Gary Johnson había sido gobernador de Nuevo México quince años atrás y ahora se había lanzado de forma quijotesca a por la presidencia, a lomos del Partido Libertario. Tenía cero opciones de alcanzar su objetivo, pero las circunstancias sí le podían situar ante la posibilidad de condicionar el resultado. No sería el primer tercer candidato que pasaba a la historia por destrozar las expectativas a otros candidatos que sí podían ganar.

Quizá Bill Clinton nunca hubiera sido presidente frente a George W. H. Bush en 1992 de no haber sido por los millones de votos que consiguió el tercer candidato (votantes de derechas que dieron el poder a un candidato más progresista), el ególatra conservador Ross Perot. Y Al Gore nunca hubiera perdido frente a George Bush en las elecciones del año 2000 si el ególatra ecologista Ralph Nader no le hubiera arrebatado cientos de miles de votos de izquierdas (que entregaron el poder a la derecha), especialmente en el decisivo estado de Florida. Esta vez, en 2016, el tozudo Partido Verde (tozudo, por presentarse una elección tras otra sin opción alguna de ganar, pero con opción evidente de dañar al Partido Demócrata y, por tanto, beneficiar al Republicano) presentaba a Jill Stein, una doctora por la Universidad de Harvard que, a pocos días de las elecciones, arrebataba un exiguo pero quizá decisivo 2 por ciento de los votos a Hillary Clinton. Para nada. Y Gary Johnson alcanzaba un 5 por ciento. Clinton tenía perdidos un total de 7 puntos porcentuales que ponían en riesgo su victoria y ayudaban a Trump a dividir la base electoral de su contrincante. Alerta roja para los demócratas. Alerta roja para el mundo.

El pánico se adueñó entonces del equipo de campaña de Hillary. Durante meses habían diseñado un cuento de hadas para los días previos a las elecciones. Tiempo atrás, ante la aparente evidencia de que Trump era un candidato inelegible, la estrategia era atacar con dureza cuando fuera necesario hasta debilitar las fuerzas del republicano y llegar a dos semanas de la cita con las urnas con una ventaja en los sondeos de una magnitud suficiente como para darse un lujo poco habitual en política: dedicar esos quince días finales a hacer una campaña en positivo, sin apenas atacar a Trump, sino centrándose en hablar de las políticas a aplicar en la presidencia virtualmente ganada y dejar al magnate cocerse lentamente en su propia salsa de insultos y bravatas. El director del FBI, James Comey, destrozó el plan con un certero e inesperado movimiento.

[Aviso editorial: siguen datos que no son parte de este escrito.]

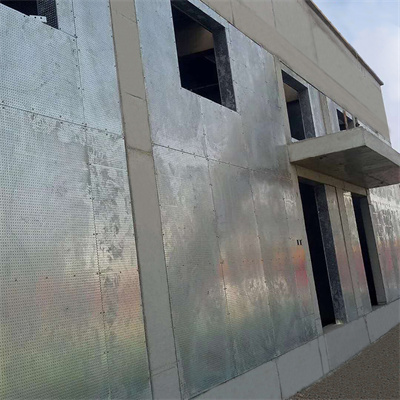 防火钢制91短视频在线下载墙产品特点及优势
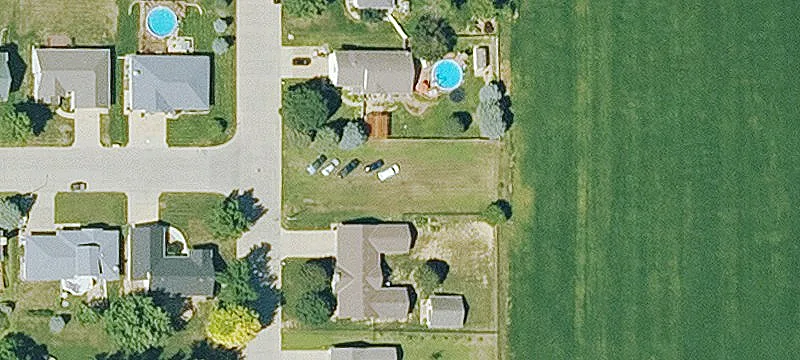 Lawton, IA 51030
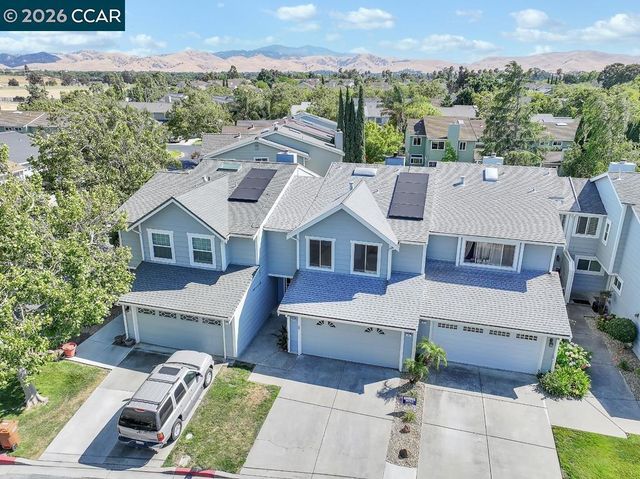 65 Edgewater Pl, Pittsburg, CA 94565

Durante meses, Hillary Clinton se había empeñado en una utopía que pocas veces consiente la realidad preelectoral: en vez de ofrecer tensión y enfrentamientos con el rival, pretendía lanzar una campaña que permitiera al país sentir que tenía algo positivo por lo que votar; no quería que los americanos fueran a las urnas solo para evitar la victoria de Trump. Pero los meses de duelo a muerte con su rival habían dejado el campo de juego inservible para las buenas intenciones. De repente, Clinton se vio a sí misma bramando en los mítines de final de campaña por impedir que el botón nuclear estuviera en manos de «ese hombre que no entiende por qué conviene evitar el uso de armas atómicas». Parecía un mensaje propio de los años cincuenta o sesenta, en plena Guerra Fría. Que a dos días de las elecciones el FBI volviera a decir que no tenía nada contra Clinton en el caso de los emails ya solo servía para alimentar melancolías políticas y odios hacia el responsable de la decisión, que parecía tomada para lavar su imagen. El mal ya estaba hecho: Hillary quería que sus últimos mítines de campaña fueran una sucesión de mensajes optimistas y esperanzadores. Pero aquel wishful thinking había quedado enterrado bajo una montaña de estúpidos emails.

Importantes dirigentes demócratas llegaban a decir, medio en serio, que si Trump ganaba (y ya no era imposible que eso ocurriera), el problema no iba a ser que erigiera un muro en la frontera con México, sino que Canadá levantara uno para evitar la huida en avalancha de millones de estadounidenses.

Huma Abedin, que nunca se separaba de Hillary, desapareció por unos días de la circulación. Temía que su imagen junto a la candidata tuviera efectos tóxicos. Pero, además, podía imaginar que su propia carrera política estuviera llegando a su final. Después del escándalo de los emails, si Clinton ganaba, ¿iba a nombrar a Huma para algún cargo relevante en la Casa Blanca? ¿Correría el riesgo de meter en su equipo una bomba de relojería, aunque solo fuese por el estúpido de su exmarido, Anthony Weiner?

Incluso aunque ganara el 8 de noviembre, el daño a la imagen de Hillary Clinton ya era un hecho. Y empezar así un mandato presidencial era lo menos deseable. Pero peor era perder. De manera que, sigamos adelante, decidieron en la campaña demócrata. A por todas.

Había estallado la segunda October surprise de la campaña. La primera, surgida unos días antes, parecía que iba a ser la única y definitiva. Había sido un torpedo lanzado con destreza de relojero a la línea de flotación de la campaña de Donald Trump. Una grabación mostraba a Trump siendo Trump de la manera más trumpiana. Y ocurrió en un momento muy delicado: en medio del periodo de tres debates que se celebran en cada proceso electoral. Pudo ser el FBI, la CIA, la NSA o simplemente un inocente documentalista que se puso a buscar grabaciones de Trump en la videoteca y encontró una joya. Pero la grabación existía y empezó a circular justo a tiempo.